What about getting him into other manga? You'd probably need to vet them first, as many are very NSF8YO, but it's a complex medium that has been used to explore many aspects of the human condition.
posted by Acheman at 6:16 AM on February 12, 2012

There's a specific "collector's mindset" that Pokémon appeals to. It's the same one that leads to computer nerds buying every Apple product since the company started, or art collectors to assemble exhibits. You need to capture the right Pokémon and train them the right way for the particular set you want, and that set needs to defeat the particular sets you go up against in a tournament--whether a "real" tournament against other players, or the scripted tournaments in the single-player game.

It's basically a sport for people who like spreadsheets. Does he know about Fantasy Football and its genre?
posted by LogicalDash at 7:08 AM on February 12, 2012

Oh, yeah--he might appreciate learning how to use a spreadsheet for the game's purposes. Not merely to take inventory, the game does that part for him. I'm thinking more like, "What particular attack is most effective against a Water type mon with Grass, Fighting, and Ghost resistance, and very high Dodge?" Ultimately that's just a matter of sorting a move sheet several times, but knowing exactly how is a very useful skill--possiby lucrative, in the future.
posted by LogicalDash at 7:13 AM on February 12, 2012

Graphic novels were the gateway to more, er, meaty books for my daughter.
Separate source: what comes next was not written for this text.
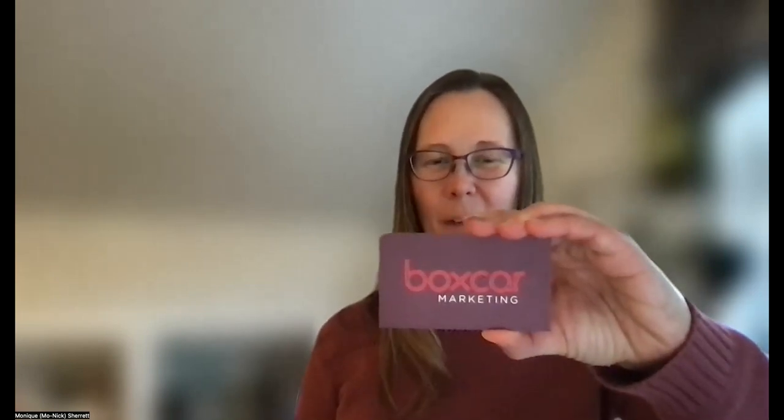Hi, I'm Annick from Boxcam Marketing with your one-minute marketing tip. And today's tip is about how you see the full page URL in your GA4 reports.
She's ten now and still adores graphic books (honestly, so do I, what's not to love), but also reads a lot of different things. Here's how it went: I took her to the library once or twice a week for a new stack of graphic books (heavy on the Pokemon and Warriors, but including others). I never quizzed her or made her tell me things, although if I expressed some interest, she would tell me in great detail about the plots. Eventually, she had basically read all they had that was remotely interesting to her and was remotely age-appropriate. Of her own accord, she admitted that if she wanted to keep reading, she was going to have to consider reading "regular books" and so she picked up a non-graphic version of one of the series that she loved and things just took off from there. Over a period of a few weeks, she went from reading only graphic books to reading novels with 200-300 pages.
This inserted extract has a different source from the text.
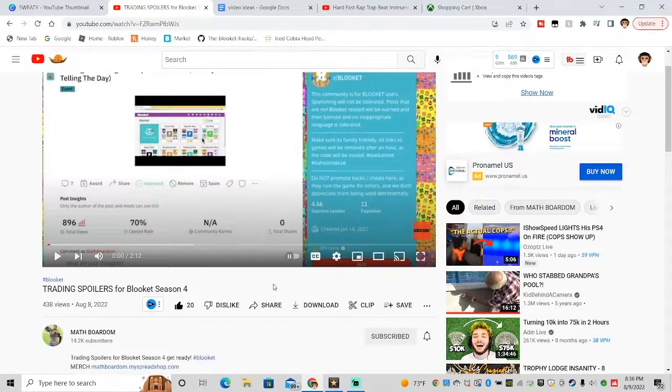Now, Math Boardham actually made this video yesterday - Trading Spoilers for Blicket Season 4.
I agree with saucysalt that minecraft was another gateway for my daughter, her reading, typing, spelling and social skills all improved once she started playing.

Also, she loves to read now, but loathes reading aloud just for the sake of reading aloud and would likely rush and skip if I were to force her to do it.
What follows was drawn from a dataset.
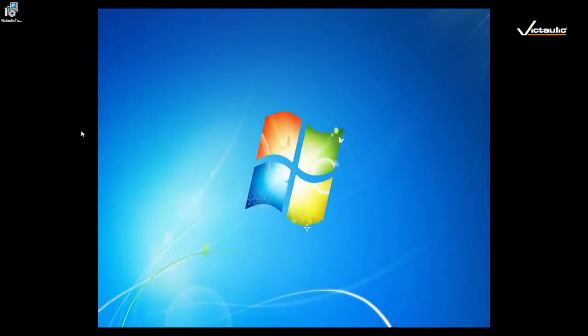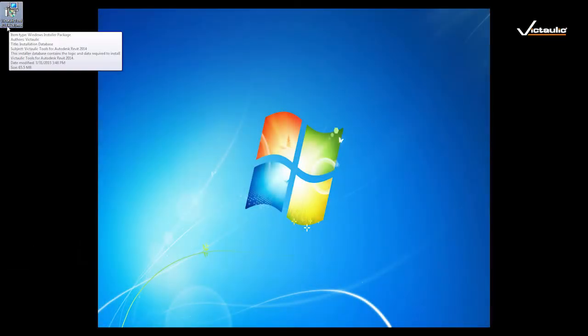When you receive the Victolic Tools for Revit, you'll see that there's a version number at the end of the file name. In this case, this is our 14 for Revit 2014 version 28.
I highly recommend a trip to the library. Ours has a whole huge section of graphic novels, including history and science "comic" books, which are actually pretty fun. Also minecraft might be something you two could share at a distance, building and chatting together.
posted by upatree at 11:13 AM on February 12, 2012 [1 favorite]

My son is your brother's age and he has been diagnosed with Asperger's. Pokemon is pretty much AS crack and the trading card game has been really helpful for my kid to be more social with non-autistic kids. Pokemon also now has an online trading card game (there are also parent controls, such as kids can only chat with "canned" responses such as "good luck" or "pokemon rules." if the controls are set that way).

If he's wary of museums, it might be a sensory overload thing or he's anticipating sensory overload. We deal with museums and crowded places best by going just as the museum opens or on a sunny day when people are most likely to be doing outside activities.

Books that really have appealed to him are Harry Potter, Tintin, Asterix, Wimpy Kid and the Percy Jackson series. He also has an ancient (think 1980s) math book that he loves. He also has become obsessed with the Dork Diaries, which isn't very common among 8-year-old boys but he doesn't seem to care. He also likes programming stuff like Scratch and Gamestar Mechanic (make your own platformers! Very fun and a bit more user-friendly than Scratch).

As someone mentioned above, he might be resistant to pointing out any particular interests if he's been told they're "just games" or something like that. Also, it's sort of a stereotype that AS types have one obsessive interest; they can change over time or there can be multiple interests at once.